Although one wants to believe that the new administration is sincere in seeking an exit strategy from Iraq, one is hardly sure that the U.S. is ready to divorce itself from the war-scarred country. There is little reason, aside from tactical redeployment, that should compel antiwar sentiments to weaken, or self-respecting commentators to stop their questioning of U.S. intentions.
The terms “exit” and “exit strategy” are now dominating media discussions about Iraq. Some attribute the new language to the new administration. The odd fact is that the recent U.S. Army redeployment is not the brainchild of the Obama’s administration, but a provision of a November 2008 agreement signed between the Iraqi government of Nuri Al-Maliki and the Bush administration. Talk of exiting Iraq indeed preceded Obama’s entrance. The new U.S. administration simply honored previous commitments. As per official statements, following the June 30 redeployment, the U.S. is expected to reduce its forces by 50,000 by August 2010 and then many of those remaining by the end of 2011.
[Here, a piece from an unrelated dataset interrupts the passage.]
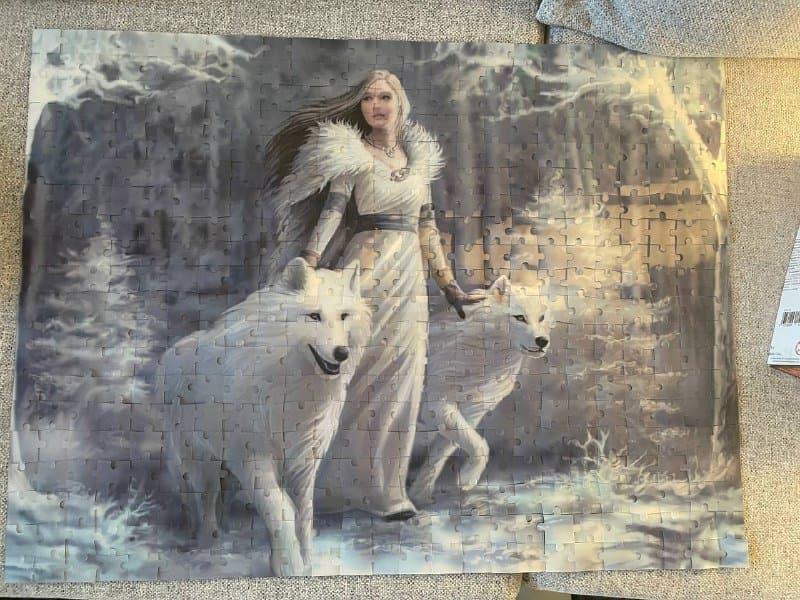 3D пазл с изображением девушки и волков 1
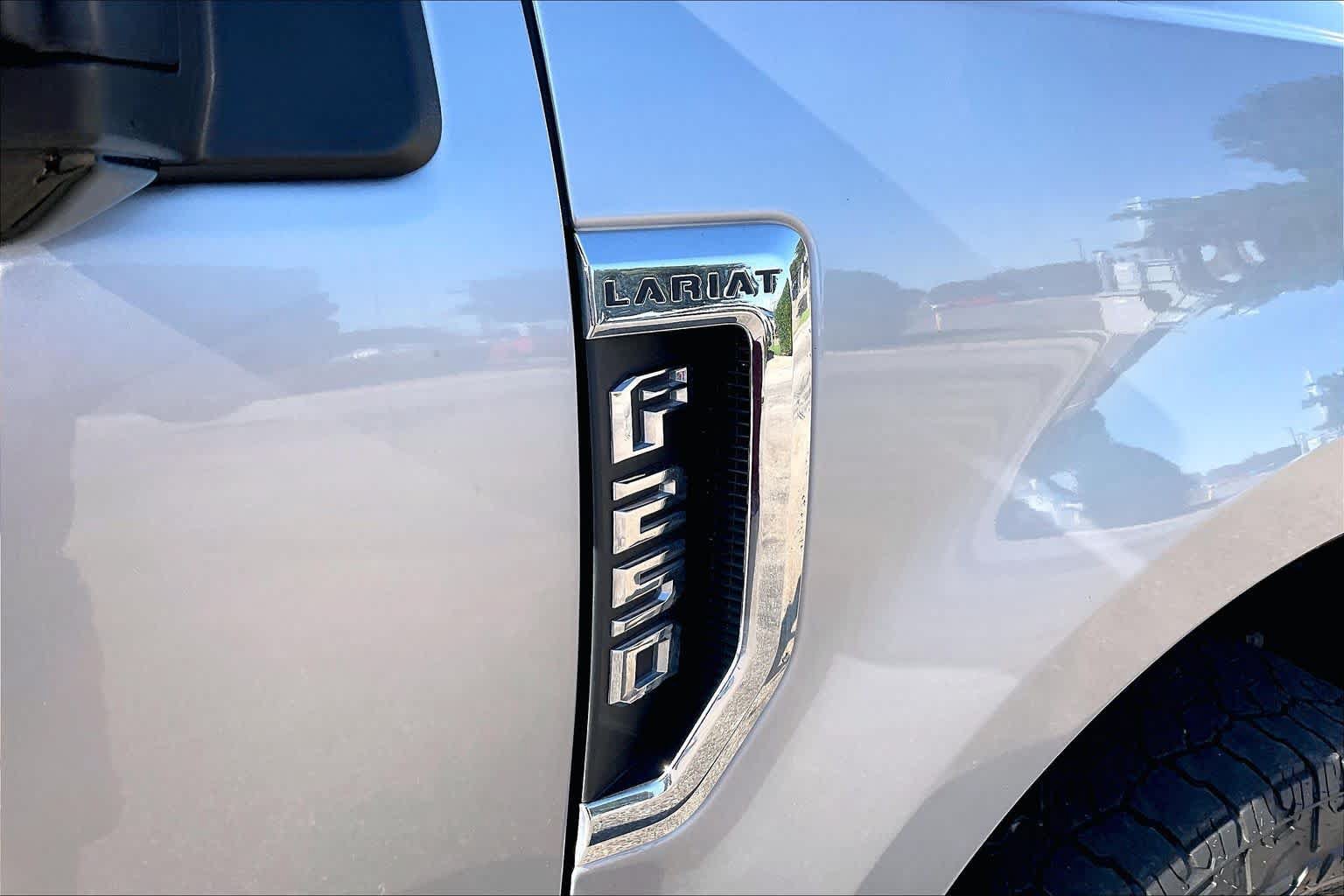 Used 2022 Ford F250 Lariat w/ Lariat Ultimate Package AWD/4WD image 10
So, 2012 will witness a fully independent Iraq, right? Wrong. “Many studying Iraq believe the U.S. will end up negotiating with Baghdad to establish a couple of permanent military bases,” writes Matt Schofield. “Those could be essential to leaving behind a stable government, a military loyal to the nation and capable of defending it, and a country that has the backing of the people.”
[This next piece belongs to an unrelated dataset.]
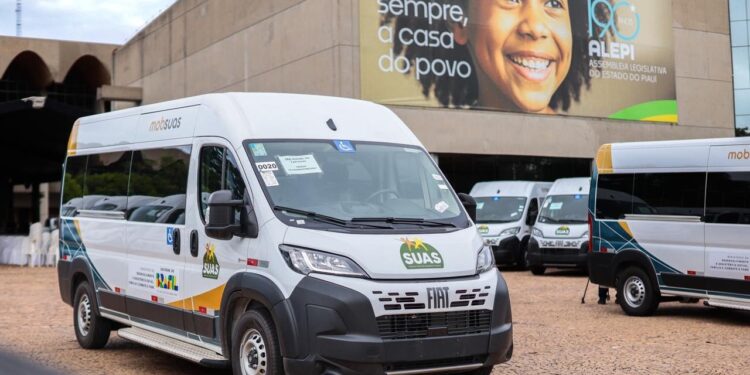 José de Freitas recebe van adaptada entregue pelo governador Rafael Fonteles para reforçar assistência social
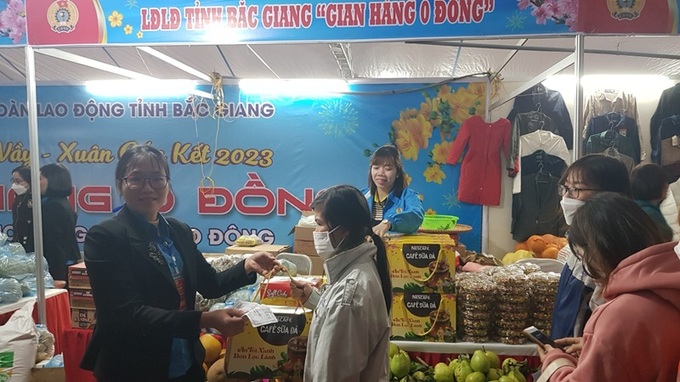 Nestlé Việt Nam đồng hành cùng Quỹ XHTT Tấm Lòng Vàng hỗ trợ quà tết đến công nhân có hoàn cảnh khó khăn.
Those who wish to decipher such deceptive language should comprehend the permanent U.S. military presence as permanent occupation. Indeed, the U.S. doesn’t have to be present on every Iraqi street corner to officially occupy the country. The sectarian Iraqi army and police — U.S. armed and trained — should be enough to carry out U.S. wishes in Iraq (under the guise of fighting terrorists), while the U.S. will “stand ready, if asked … to help in that process,” as explained by Biden.
Iraq headlines will eventually fade away, making space for the new escalation in Afghanistan, also in the name of fighting terror, bringing democracy and all the rest. The faces of the victims will be hidden so as not to harm our sensibilities, and casualty figures will be manipulated, contested and at times blamed on the cowardly terrorists who hide among civilians. In other words, the U.S. will take the spirit of its Iraq war to Afghanistan, remain in Iraq — as inconspicuously as possible — so as to hold onto its strategic military achievement, and, if necessary, blame both nations for their growing misfortunes.
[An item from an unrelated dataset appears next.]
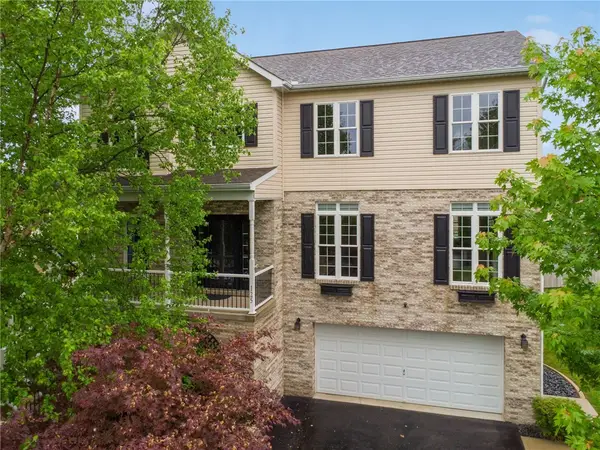 125 Edgewood Drive, New Stanton, PA 15672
However, before we take our eyes off Iraq, Americans must remember their own culpabilities in what transpired there. Antiwar activists and people of conscience must not forget that 130,000 U.S. soldiers remain in the country; that the U.S. has complete control over Iraqi airspace and territorial water; that there is not yet any reason for celebrating and moving on.
Even if one is credulous enough to believe the administration and army’s own account of its future in Iraq, one should recall comments made by Adm. Mike Mullen last February: “Mr. Obama plans to leave behind a ‘residual force’ of tens of thousands of troops to continue training Iraqi security forces, hunt down terrorist cells and guard American institutions.” One may be genuinely eager to see a sovereign, democratic and stable Iraq, but such hopes must not occur at the expense of truth and common sense.